Nach den Hausdurchsuchungen am vergangenen Freitag sprach der Thüringer Innenminister Georg Maier (SPD) von einem „harten Schlag“ gegen die rechtsextreme Szene (vgl. Spiegel). Auch wenn die Landtagsabgeordnete König-Preuss die Razzien begrüßt, bleibt sie skeptisch, was die genaue Auswirkung auf die Bruderschaft anbelangt: „Es war kein Razzia gegen das komplette Netzwerk, sondern nur gegen ein Teil der Turonen.“

Mit Repression hat die Bruderschaft bereits Erfahrung: Ende Mai 2017 wurden zehn Mitglieder der Gruppe zu Haftstrafen zwischen 26 Monaten und dreieinhalb Jahren verurteilt, nachdem sie 2014 die Feier einer Kirmesgesellschaft im thüringischen Ballstädt, ein Angelpunkt der Gruppe, überfallen und zehn Menschen zum Teil schwer verletzt haben soll. „Sie haben damit gerechnet, dass ein Teil von ihnen deswegen ins Gefängnis gehen muss, und haben schon eine Stellvertreter-Struktur aufgebaut“, erklärt König-Preuss. Ob diese Stellvertreter-Struktur ebenfalls von den Hausdurchsuchungen betroffen ist, bleibt noch unklar. Im Februar 2020 gab der Bundesgerichtshof in Karlsruhe der Revision der zehn angeklagten Neonazis statt – was auf einen formalen Fehler in der Urteilsbegründung zurückzuführen ist. Nun wird drei Jahre nach dem Urteil der Prozess neu aufgerollt (vgl. nd).

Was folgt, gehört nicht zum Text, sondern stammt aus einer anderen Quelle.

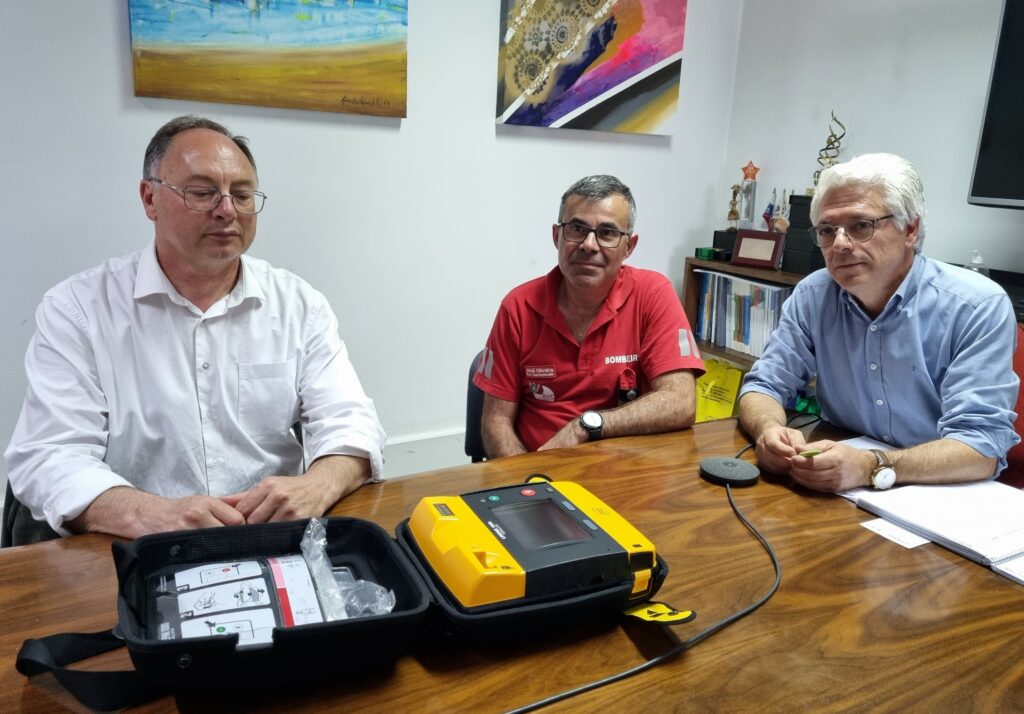 INOVA entrega dois desfibrilhadores aos Bombeiros Voluntários de Cantanhede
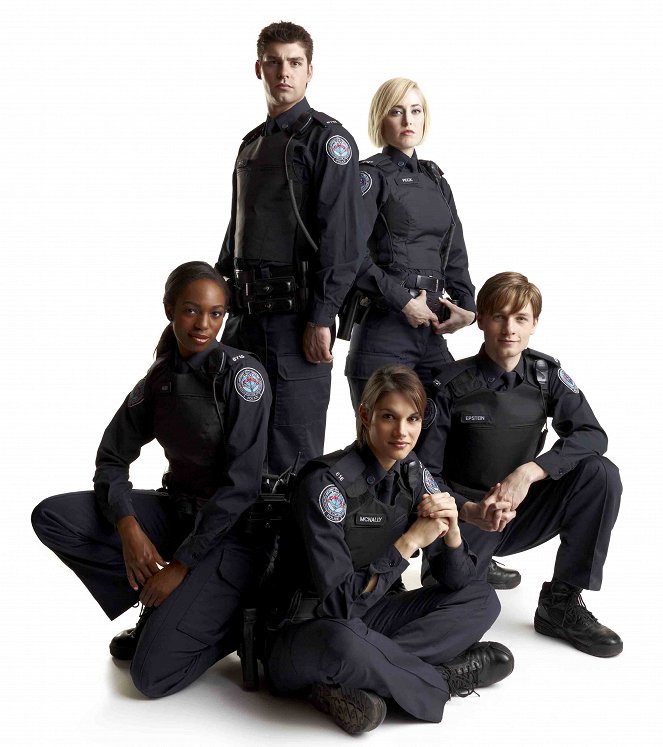 Rookie Blue - Season 1 - Promokuvat - Enuka Okuma, Travis Milne, Missy Peregrym, Charlotte Sullivan, Gregory Smith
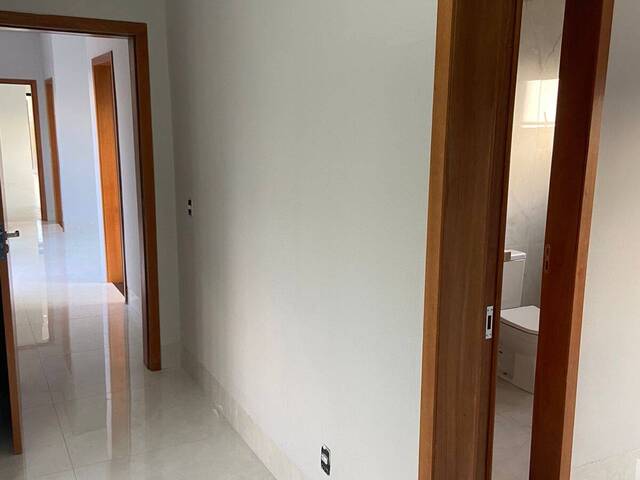 #1336 - Casa para Venda em Cuiabá - MT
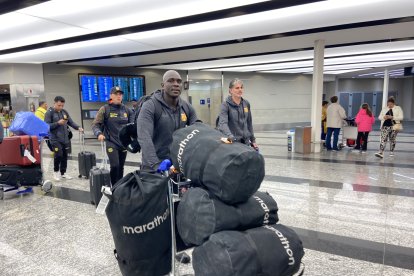 Segundo Castillo llegó a Buenos Aires vistiendo un look más deportivo.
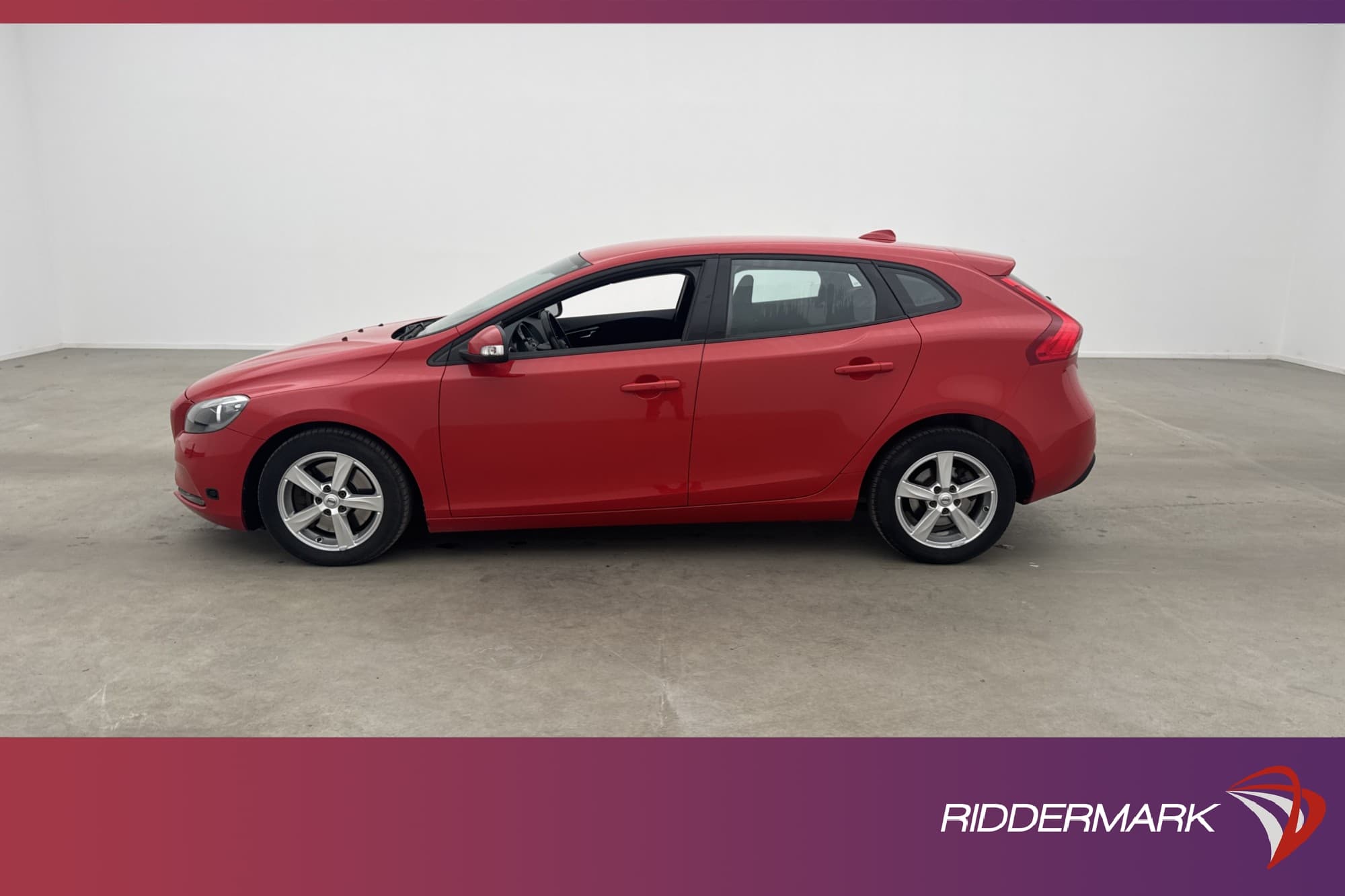 Volvo V40 T2 122hk Dragkrok P-Sensorer M-värm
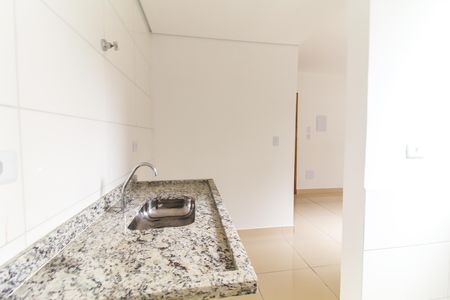 Apartamento para alugar com 28m², 1 quarto e sem vaga Apartamento para alugar com 28m², 1 quarto e sem vagaCozinha e Área de Serviço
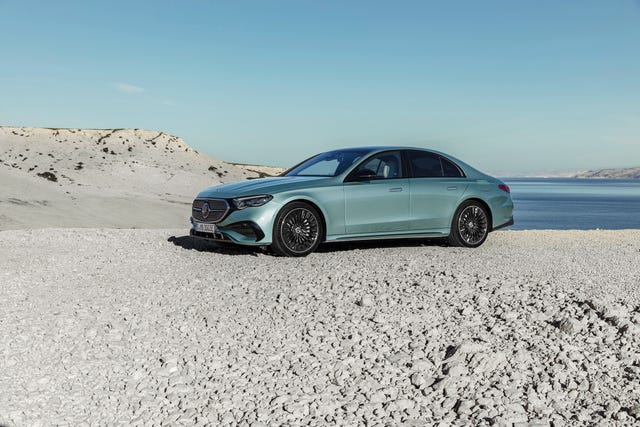 2024 Mercedes-Benz E-Class Targets Tech-Savvy Buyers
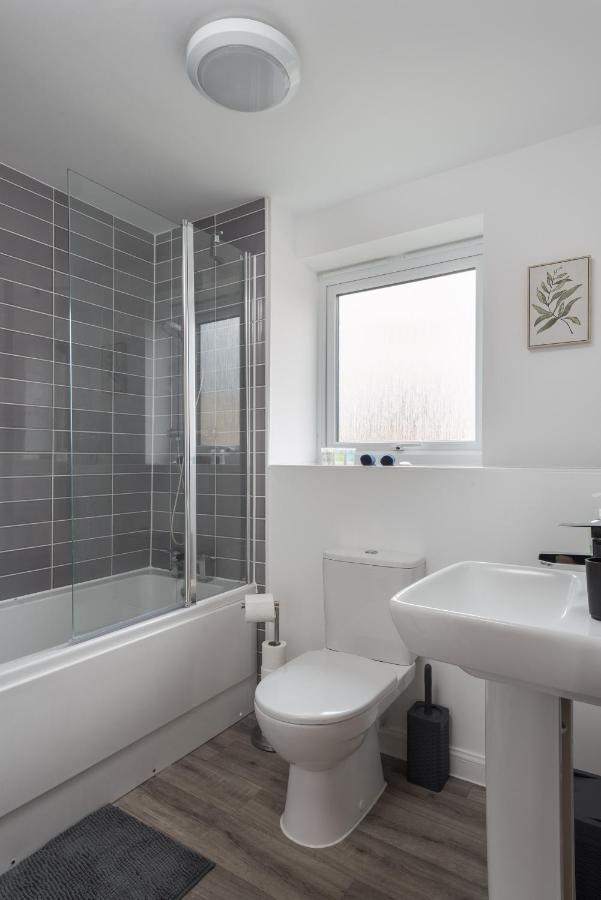 Two Bedroom Apartment - Milton Keynes By Aryas Properties Broughton  Экстерьер фото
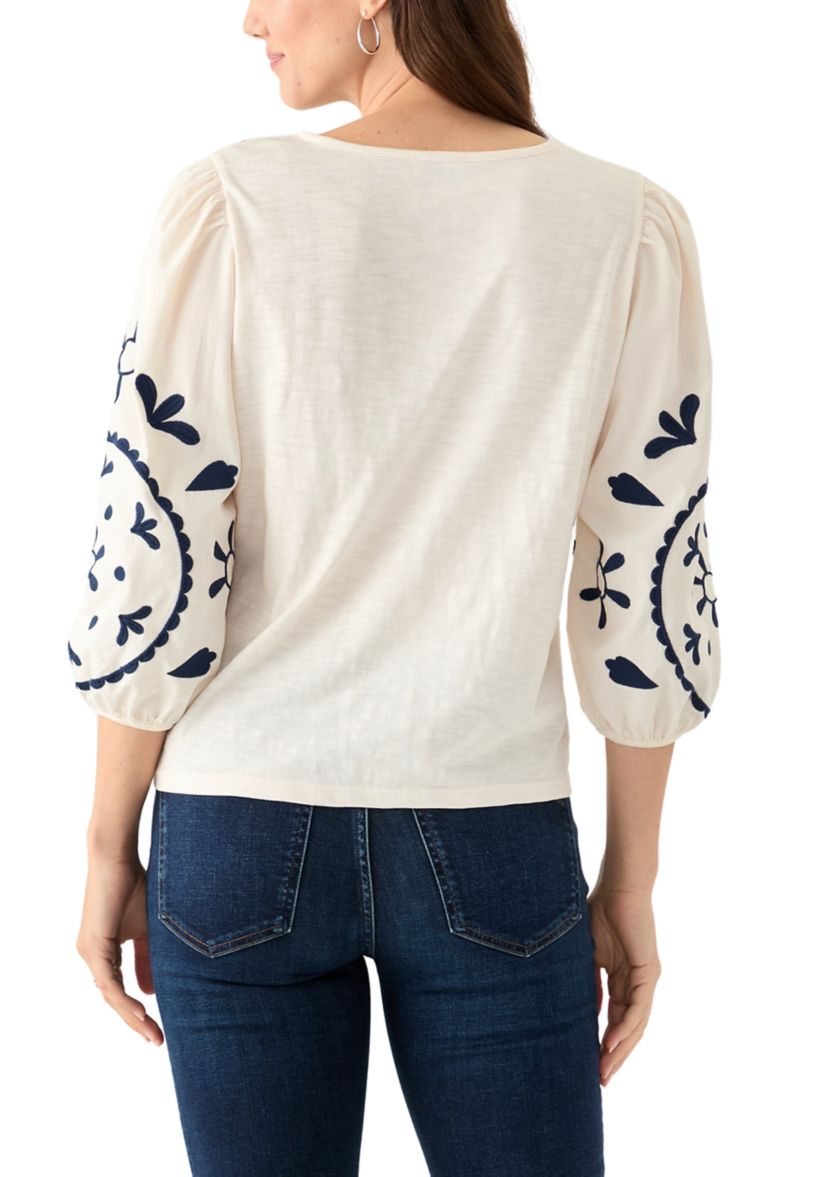 Womens 3/4 Sleeve Embroidered Knit Woven Top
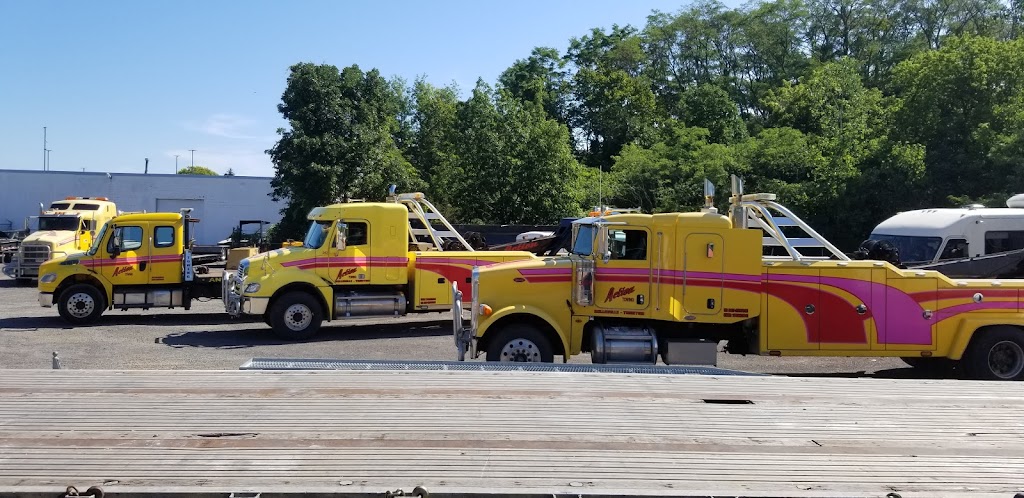 Action Towing and Automotive | 9 Douglas Rd, Trenton, ON K8V 5R2, Canada | Phone: (613) 394-4924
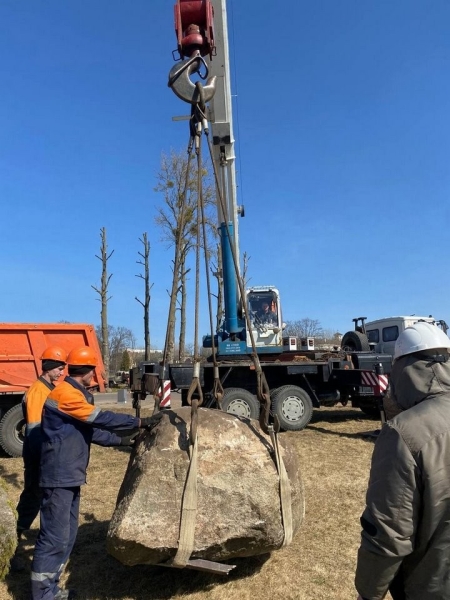 На Набережную Бреста привезли 12 больших валунов. Зачем? На Набережную Бреста привезли 12 больших валунов. Зачем?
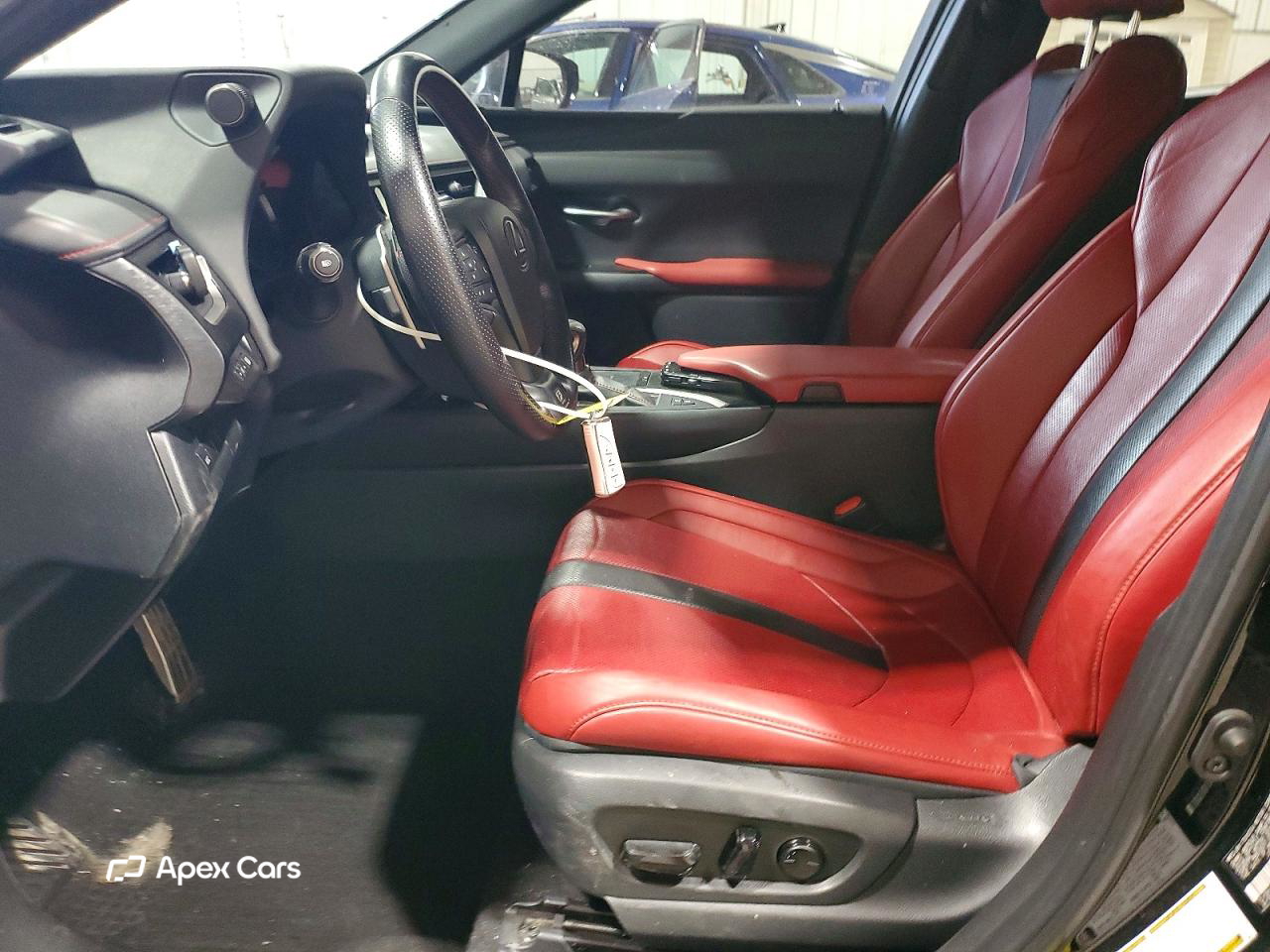Lexus UX 2021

Dass mit den jüngsten Hausdurchsuchungen und Festnahmen nun endlich konsequent gegen die „Turonen“ und „Garde 20“ vorgegangen wird, wertet König-Preuss als positiv. „Die Turonen waren allerdings in den letzten Jahren offen aktiv, haben Neonazi-Konzerte organisiert und Menschen zusammengeschlagen – Ballstädt ist das größte Beispiel, es gibt aber weitere“. Sie kritisiert, dass nicht wegen der politischen Aktivitäten, sondern erst wegen der organisierten Kriminalität der Gruppe eingeschritten wurde. „Sie verherrlichen die NS-Ideologie, organisieren Veranstaltungen, wo Hitlergrüße und Sieg-Heil-Rufe vorkommen – und da muss es eine entsprechende Konsequenz geben, die für diese Strukturen spürbar ist“.